Date of Award

2015

Document Type

Thesis

First Advisor

Dr. John P. Kizito

Abstract

The current study investigates the dynamics of a two phase flow in a circular cylinder under zero gravity conditions. Zero gravity fluid mechanics is applicable in both spaceflight and terrestrial applications. Plug formation obstruct lung passages and is the cause of asthma and pulmonary disease .In spaceflight applications, the helium bubbles occlude fuel lines of hydrazine arc-jet thrusters on satellites which cause operational problems. The process of plug formation is not fully understood. Previous studies have been limited to static solutions in cylinders. The goal of the current study is to investigate the dynamics of two phase flow under zero gravity conditions and low bond numbers. The specific objectives of this study are to model a two-phase flow into a circular cylinder via a side tube in zero gravity and confirm the existence of droplet, annulus, and plug topologies through experiment and simulation. Interim stages between topologies and steps of transition are analyzed in terms of flow quantities such as flow rate and kinetic energy.

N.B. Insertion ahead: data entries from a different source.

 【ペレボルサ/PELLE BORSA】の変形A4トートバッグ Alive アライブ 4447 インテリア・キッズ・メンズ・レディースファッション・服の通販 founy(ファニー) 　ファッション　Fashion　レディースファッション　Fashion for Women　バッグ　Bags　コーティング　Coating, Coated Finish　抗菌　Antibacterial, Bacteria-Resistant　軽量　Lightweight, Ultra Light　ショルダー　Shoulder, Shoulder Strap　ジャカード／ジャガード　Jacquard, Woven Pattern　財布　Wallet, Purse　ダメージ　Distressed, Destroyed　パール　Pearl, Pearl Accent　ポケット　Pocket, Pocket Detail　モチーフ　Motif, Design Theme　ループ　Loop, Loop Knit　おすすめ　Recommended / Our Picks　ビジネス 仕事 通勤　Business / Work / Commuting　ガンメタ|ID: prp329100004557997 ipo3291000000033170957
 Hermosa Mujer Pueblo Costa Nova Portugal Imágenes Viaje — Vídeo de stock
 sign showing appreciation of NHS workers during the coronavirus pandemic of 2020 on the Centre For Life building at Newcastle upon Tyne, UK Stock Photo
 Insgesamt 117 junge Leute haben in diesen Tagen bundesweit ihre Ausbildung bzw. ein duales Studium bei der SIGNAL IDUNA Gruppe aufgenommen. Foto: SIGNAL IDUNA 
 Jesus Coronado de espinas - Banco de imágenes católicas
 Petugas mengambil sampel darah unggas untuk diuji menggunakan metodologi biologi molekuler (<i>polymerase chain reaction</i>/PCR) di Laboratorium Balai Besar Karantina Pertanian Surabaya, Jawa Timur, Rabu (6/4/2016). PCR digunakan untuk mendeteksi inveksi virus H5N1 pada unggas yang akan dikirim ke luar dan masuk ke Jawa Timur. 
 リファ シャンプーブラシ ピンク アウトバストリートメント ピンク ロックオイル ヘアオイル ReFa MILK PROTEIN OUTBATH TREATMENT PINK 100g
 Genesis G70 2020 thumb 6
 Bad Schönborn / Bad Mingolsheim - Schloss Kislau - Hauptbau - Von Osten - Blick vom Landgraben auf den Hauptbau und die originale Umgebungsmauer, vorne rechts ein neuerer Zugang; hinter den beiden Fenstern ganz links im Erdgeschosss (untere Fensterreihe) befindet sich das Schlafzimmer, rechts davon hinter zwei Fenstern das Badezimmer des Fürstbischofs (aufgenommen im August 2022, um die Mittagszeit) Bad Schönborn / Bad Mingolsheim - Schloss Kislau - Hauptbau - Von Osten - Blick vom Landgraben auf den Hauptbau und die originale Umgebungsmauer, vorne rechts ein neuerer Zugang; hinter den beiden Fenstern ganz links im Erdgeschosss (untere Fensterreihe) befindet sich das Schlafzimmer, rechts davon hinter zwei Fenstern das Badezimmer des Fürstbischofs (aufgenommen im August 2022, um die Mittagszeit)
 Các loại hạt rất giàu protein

The effect of varying inlet pressure on topology formation is also determined and investigated. An experiment was conducted to determine the dynamics of silicone oil-air interface in a cylinder under low bond number conditions using a high speed camera to capture the fluid. Numerical simulations were carried out for both static and dynamic conditions. Results confirmed the existence of droplet, annulus and plug for the dynamic system. A characteristic time where plug is formed is identified and has a value of approximately 13. An instability regime between the annulus and plug was identified which gets narrower for higher pressure differences. Stable plug solutions are delayed for lower pressure differences. Stable plug solutions in dynamic systems were found to be higher than those in static systems under the same conditions.